Fairy tales are never benign, never safe, no matter how much life has been sucked out of them. Even Disney, though it needs to tack happy endings onto its renditions, removing the knives that stab the little mermaid’s feet, letting her live, still has to give us Ursula, and steal Ariel’s voice.
And how much less safe the early versions were–the wolf calls Red Riding Hood a slut and eats her up, the stepmother feeds her husband his son in a stew, the girl has to cut off her own finger to free her brothers. When there is a happily ever after, it is hard earned.
A movement has risen in the past twenty years to bring back the old, dangerous fairy tales. Collections like Snow White, Blood Red edited by Ellen Datlow and Terri Windling in the early 1990s showcased the talents of fantasy writers who were starting to use fairy tale elements in their stories. (The genre of urban fantasy owes a lot to this movement.)

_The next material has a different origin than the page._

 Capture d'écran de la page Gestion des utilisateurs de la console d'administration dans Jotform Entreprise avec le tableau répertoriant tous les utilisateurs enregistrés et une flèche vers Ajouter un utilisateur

But before all of them, Angela Carter, in 1979, wrote The Bloody Chamber. In it she retells many fairy tales, some more than once. She keeps coming back to the wolf and the young girl, in the stories of Bluebeard, Little Red Riding Hood, Beauty and the Beast, and various werewolf tales. Sometimes the girl turns the tables, sometimes she escapes, and sometimes she dies.

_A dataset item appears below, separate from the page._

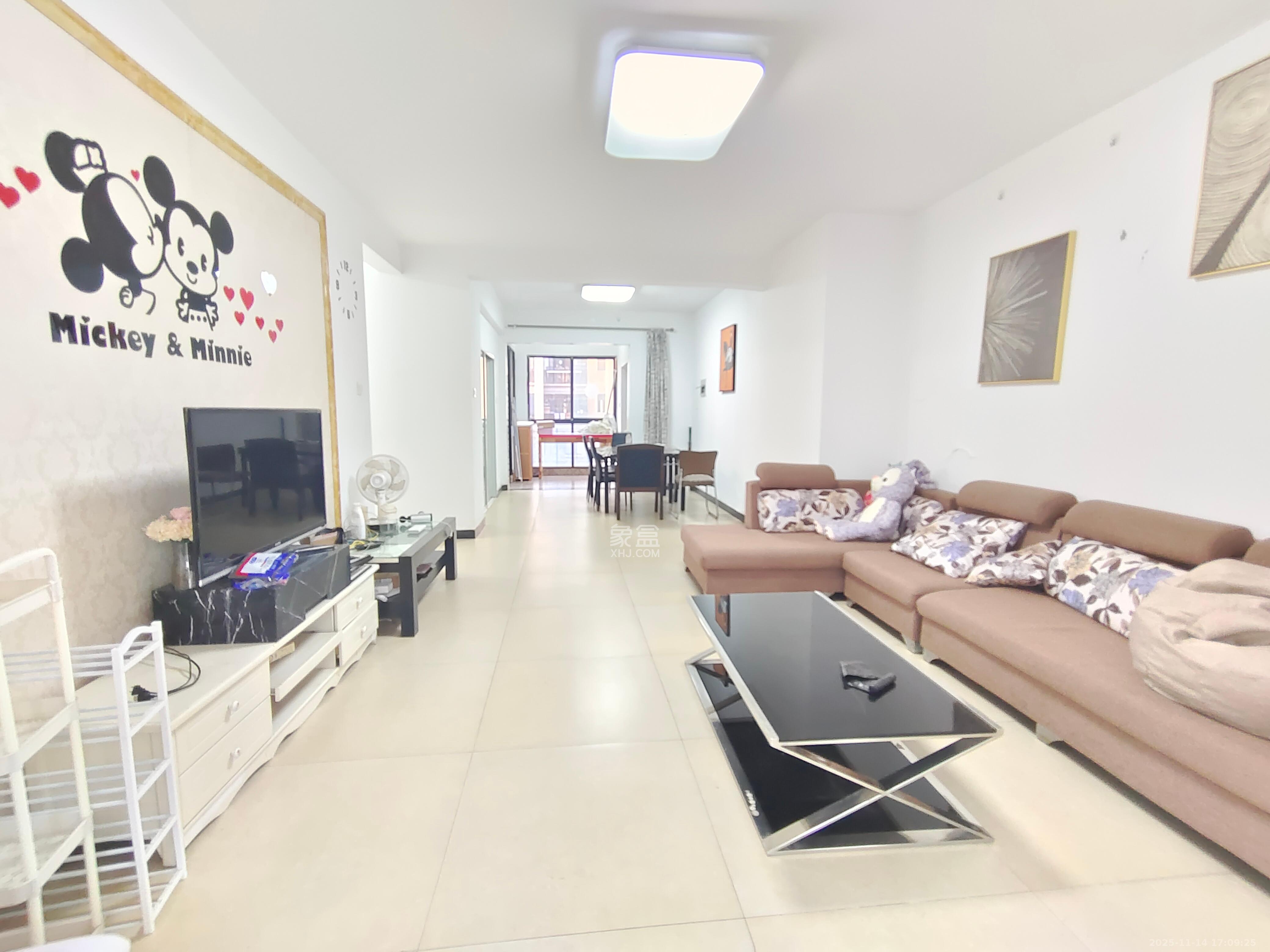 沁园春御院  3室2厅1卫    3000.0元/月室内图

Carter manages to update the stories while keeping their essential, timeless, fairy-tale-ness. The story “The Bloody Chamber” is her retelling of Bluebeard, and is set in a world with phones and trains, but is still removed from all those things, and feels archetypal. “The Bloody Chamber” dwells on the luxury and wealth of Bluebeard’s home with a fantastical, overwhelming accretion of detail, until the reader, even knowing what we do about the ending of Bluebeard, is seduced by him and his surroundings.
The well-chosen detail is one of the chief pleasures of all of Carter’s tales. Fairy tales are known for their bare bones, a story stripped down to its essentials, but Carter shows that she can build a story with more flesh around those bones without compromising their nature. Many retellings since The Bloody Chamber owe something to her. When reading her “Beauty and the Beast” I recognized details that ended up in the Disney movie, especially that beautiful rose under glass.

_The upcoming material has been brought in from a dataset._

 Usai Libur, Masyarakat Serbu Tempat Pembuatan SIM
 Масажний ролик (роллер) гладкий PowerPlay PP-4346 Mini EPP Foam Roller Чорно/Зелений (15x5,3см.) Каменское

Fairy tales are both dangerous and also rather conventional, in a way. They show danger, and the real consequences of danger, the cruel endings, but they also give us lessons and a pattern to follow. Sometimes a punishment seems to severe, but nothing happens without reason in a fairy tale. Little Red Riding Hood is eaten because she should not have trusted the wolf even a little. In one of Carter’s retellings, the wolf is the grandmother, a werewolf and witch, and Little Red recognizes her for what she is and kills her. Even in turning the story on its head, it still rewards the bold, and punishes the outre, the witch-creature, restoring order to the primitive town where it is set.
Carter brings a more literary feel to these tales than some of her successors in the genre. Sometimes the stories are almost like impressions of the original story rather than retellings, obliquely referring to the fairy tale, or dwelling only in the details and feelings of the tale, without much of the plot. The way she dwells on wolves and beasts is repetitive in a good way, giving a full perspective on what it means to be a wolf, and what it means to live where wolves are a danger. In Carter’s world, the wolf is always near, which is as true today as it was when these fairy tales were first handed down. Fairy tales remind us of that danger that we might like to forget.